Bleibt noch die Frage nach der Bedeutung des Hügels. Auf ihm könnte die Frau des Hartke Mönnich gestanden haben, als sie wegen Zauberei als Hexe den Tod durch das Feuer fand.

Pforthaus mit Amtsgefängnis in Lemförde

Ich stellte mir die Frage: Wie muss ich mir den Weg von der Gefangennahme bis zur Hinrichtung vorstellen? Im Niedersächsischen Landesarchiv stieß ich auf die Akte des Ermittlungsverfahrens gegen Horstmann und andere in Lemförde, in der der Ablauf in den Jahren 1734-1738 akribisch festgehalten ist.
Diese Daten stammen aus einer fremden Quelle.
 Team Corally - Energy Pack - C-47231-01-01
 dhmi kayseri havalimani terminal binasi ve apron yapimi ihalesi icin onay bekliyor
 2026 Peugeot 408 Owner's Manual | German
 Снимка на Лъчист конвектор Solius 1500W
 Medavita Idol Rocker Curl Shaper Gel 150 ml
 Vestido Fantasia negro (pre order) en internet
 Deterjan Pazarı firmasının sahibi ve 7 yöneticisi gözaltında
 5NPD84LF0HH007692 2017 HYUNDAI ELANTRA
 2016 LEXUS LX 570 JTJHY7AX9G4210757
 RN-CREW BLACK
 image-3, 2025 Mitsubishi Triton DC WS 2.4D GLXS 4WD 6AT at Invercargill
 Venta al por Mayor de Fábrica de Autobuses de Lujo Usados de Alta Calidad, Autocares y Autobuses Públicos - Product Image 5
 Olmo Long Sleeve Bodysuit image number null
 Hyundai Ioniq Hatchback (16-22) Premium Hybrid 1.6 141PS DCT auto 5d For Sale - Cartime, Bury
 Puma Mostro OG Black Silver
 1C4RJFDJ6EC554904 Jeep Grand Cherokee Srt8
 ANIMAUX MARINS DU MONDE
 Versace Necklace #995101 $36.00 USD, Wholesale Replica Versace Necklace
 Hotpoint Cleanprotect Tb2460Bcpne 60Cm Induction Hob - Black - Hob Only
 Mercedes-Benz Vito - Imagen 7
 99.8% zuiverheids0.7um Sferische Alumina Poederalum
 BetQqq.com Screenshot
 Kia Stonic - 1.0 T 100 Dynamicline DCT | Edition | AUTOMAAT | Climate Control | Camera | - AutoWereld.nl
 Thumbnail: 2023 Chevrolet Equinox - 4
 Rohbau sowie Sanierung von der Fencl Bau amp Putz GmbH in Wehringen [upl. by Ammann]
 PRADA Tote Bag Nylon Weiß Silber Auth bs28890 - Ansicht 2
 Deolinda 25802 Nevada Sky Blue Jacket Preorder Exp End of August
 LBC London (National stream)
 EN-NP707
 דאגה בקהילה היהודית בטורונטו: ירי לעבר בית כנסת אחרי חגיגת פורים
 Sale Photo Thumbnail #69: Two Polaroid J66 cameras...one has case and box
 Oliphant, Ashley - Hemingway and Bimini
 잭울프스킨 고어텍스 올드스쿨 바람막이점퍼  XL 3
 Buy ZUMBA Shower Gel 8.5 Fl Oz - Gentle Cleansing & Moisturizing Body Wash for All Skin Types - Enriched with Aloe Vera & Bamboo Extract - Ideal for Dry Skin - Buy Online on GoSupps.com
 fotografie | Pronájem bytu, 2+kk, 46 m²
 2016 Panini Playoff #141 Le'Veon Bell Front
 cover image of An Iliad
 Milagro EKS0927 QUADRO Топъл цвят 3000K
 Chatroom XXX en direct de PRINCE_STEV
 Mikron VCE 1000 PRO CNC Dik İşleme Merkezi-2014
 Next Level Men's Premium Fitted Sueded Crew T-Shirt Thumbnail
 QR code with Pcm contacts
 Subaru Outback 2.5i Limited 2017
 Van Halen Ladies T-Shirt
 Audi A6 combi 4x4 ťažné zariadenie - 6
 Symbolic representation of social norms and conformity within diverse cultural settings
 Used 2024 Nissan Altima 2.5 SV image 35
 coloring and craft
Nach dem tagelangen Transkribieren der Dokumente begann ich mit der inhaltlichen Erschließung. Nach und nach nahm der Fall immer mehr Gestalt an. Was war geschehen?

1724 hatte die 16-jährige Anna Elisabeth Götker gegen ihren Willen den 26-jährigen Lembrucher Hofbesitzer Friederich Behrend Horstmann geheiratet. Zur Frau herangewachsen, verliebte sie sich in Andreas Busch aus Lembruch und trieb mit ihm Unzucht. Im Mai 1732 starb plötzlich ihr Ehemann am Wundbrand, doch gestand zwei Jahre später dessen Magd, ihn im Auftrag seiner Ehefrau und ihres Liebhabers vergiftet zu haben. Andreas Busch floh, konnte aber bald darauf gefasst werden. Die Beschuldigten wurden im Lemförder Amtsgefängnis inhaftiert.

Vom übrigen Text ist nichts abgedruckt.